Differences in re-running tractography and connectome generation

Apologies for a long slightly rambling posts with lots of different questions, Im mostly keen to see people’s opinions and any conventions and glaring oversights I am missing. Im a Maths PhD student looking at network analysis from dMRI for a particular cohort at my institution.

We are currently running tractography using tckgen with the following options. iFOD2 (as the default) with a cutoff and seed cuttoff of 0.1 using -act (supplying a 5tt image) with -backtrack and -crop_at_gmwmi to generate 10million streamlines, all other options are defaults.

We then use sift down to 1million with the tcksift command passing only the standard input output files, the number and the act image as options

Where we are using the Desikan-Killiany atlas from a freesurfer segmentation - and using the labelconvert and labelsgmfix and hence getting an 84 node network.

Currently in tck2connectome we pass the following options -symmetric -zero_diagonal -scale_invnodevol -out_assignments

I’m aware that it might not be best to use our current scaling by node volume after applying sift however I don’t believe this would explain the majority of differences I think I’m seeing. I am wondering if there are any options currently passed that could be cause for inconsistencies or potetial different options or values that might increase consistency with the pipeline.

I’m also intrigued by what you would expect the density of produced connectomes to be, as from my ‘uneducated’ prospective it seems high ranging from around 58 to 71 percent of potential edges dependant on subject.
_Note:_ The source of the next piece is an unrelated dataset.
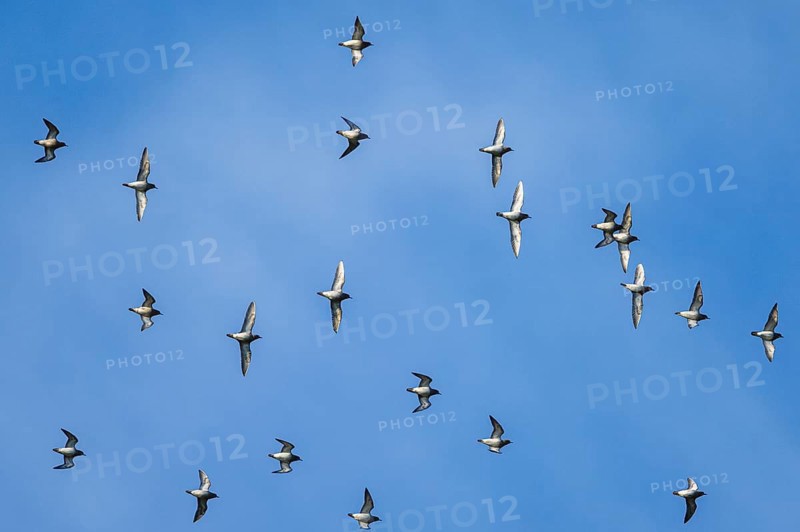 Grey Plover (Pluvialis squatarola) birds in flight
I have rerun only tckgen tcksift and tck2connectome for a subset of subjects and have been exploring the differrent networks generated. Are their particular benchmarks of what’s considered consistent results? I believe I am seeing a substantial change in output networks, but mostly due to small weighted edges. For example for one subject the first run produced a network with 2046 edges while the second had 2054, however 203 edges was unique to the first run and 211 edges to the second - looking at strength of nodes however these unique nodes make up only 0.136% of the total strength of the network for the first run. The first one has a total strength of 76.1 compared to 76.2 for the second (I now realise my code is double counting the strength but consistently so percentages are still valid) a difference from the non-rounded values of 0.13%. This subject is one of the more consistent subjects between runs. These are obviously basic measures to look at but even from these it seems to me that thresholding and all the things that comes with it may be necessary - I however want to make sure I have a decent and as consistent as possible pipeline in place before going down that route and dealing with all the nuances that come up there.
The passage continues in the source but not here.